Records drawn from a dataset

====

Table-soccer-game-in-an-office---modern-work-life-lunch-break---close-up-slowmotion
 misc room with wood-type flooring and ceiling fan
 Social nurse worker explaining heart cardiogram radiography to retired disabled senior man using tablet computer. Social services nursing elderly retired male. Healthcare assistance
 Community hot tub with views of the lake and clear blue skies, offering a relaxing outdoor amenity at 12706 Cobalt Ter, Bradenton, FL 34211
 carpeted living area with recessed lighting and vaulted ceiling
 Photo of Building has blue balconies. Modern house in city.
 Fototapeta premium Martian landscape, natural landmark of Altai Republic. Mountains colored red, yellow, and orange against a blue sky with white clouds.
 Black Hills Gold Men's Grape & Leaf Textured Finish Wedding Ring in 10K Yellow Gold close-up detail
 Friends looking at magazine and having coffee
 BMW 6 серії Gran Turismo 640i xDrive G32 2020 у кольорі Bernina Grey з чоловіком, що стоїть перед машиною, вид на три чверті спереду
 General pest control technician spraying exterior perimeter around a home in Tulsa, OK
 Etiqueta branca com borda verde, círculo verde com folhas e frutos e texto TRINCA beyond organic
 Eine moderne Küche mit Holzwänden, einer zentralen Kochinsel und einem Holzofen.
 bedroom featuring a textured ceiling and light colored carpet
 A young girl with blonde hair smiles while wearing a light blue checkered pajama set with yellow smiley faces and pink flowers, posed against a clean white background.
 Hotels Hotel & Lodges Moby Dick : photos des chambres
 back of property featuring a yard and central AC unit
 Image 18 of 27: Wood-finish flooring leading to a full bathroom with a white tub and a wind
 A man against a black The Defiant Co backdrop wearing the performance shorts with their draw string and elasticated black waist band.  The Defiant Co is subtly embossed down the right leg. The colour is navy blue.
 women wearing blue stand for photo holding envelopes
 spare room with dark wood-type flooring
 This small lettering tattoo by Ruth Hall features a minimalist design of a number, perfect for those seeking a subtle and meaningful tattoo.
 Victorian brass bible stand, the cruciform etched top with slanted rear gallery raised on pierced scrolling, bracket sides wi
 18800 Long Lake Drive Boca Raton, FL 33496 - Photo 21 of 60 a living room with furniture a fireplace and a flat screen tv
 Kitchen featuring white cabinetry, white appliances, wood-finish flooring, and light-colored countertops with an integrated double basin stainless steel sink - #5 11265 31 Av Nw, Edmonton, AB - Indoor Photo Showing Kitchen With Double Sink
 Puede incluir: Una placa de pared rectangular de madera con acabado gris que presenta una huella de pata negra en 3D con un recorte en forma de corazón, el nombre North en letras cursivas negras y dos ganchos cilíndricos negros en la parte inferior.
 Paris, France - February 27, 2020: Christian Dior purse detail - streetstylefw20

====

> [What this task involves]: Retype only the stretch of lines above starting at the one with "Black Hills Gold" and stopping at the one with "Image 18 of", exactly as written, with both kept.

> [Result of this exercise]:
 Black Hills Gold Men's Grape & Leaf Textured Finish Wedding Ring in 10K Yellow Gold close-up detail
 Friends looking at magazine and having coffee
 BMW 6 серії Gran Turismo 640i xDrive G32 2020 у кольорі Bernina Grey з чоловіком, що стоїть перед машиною, вид на три чверті спереду
 General pest control technician spraying exterior perimeter around a home in Tulsa, OK
 Etiqueta branca com borda verde, círculo verde com folhas e frutos e texto TRINCA beyond organic
 Eine moderne Küche mit Holzwänden, einer zentralen Kochinsel und einem Holzofen.
 bedroom featuring a textured ceiling and light colored carpet
 A young girl with blonde hair smiles while wearing a light blue checkered pajama set with yellow smiley faces and pink flowers, posed against a clean white background.
 Hotels Hotel & Lodges Moby Dick : photos des chambres
 back of property featuring a yard and central AC unit
 Image 18 of 27: Wood-finish flooring leading to a full bathroom with a white tub and a wind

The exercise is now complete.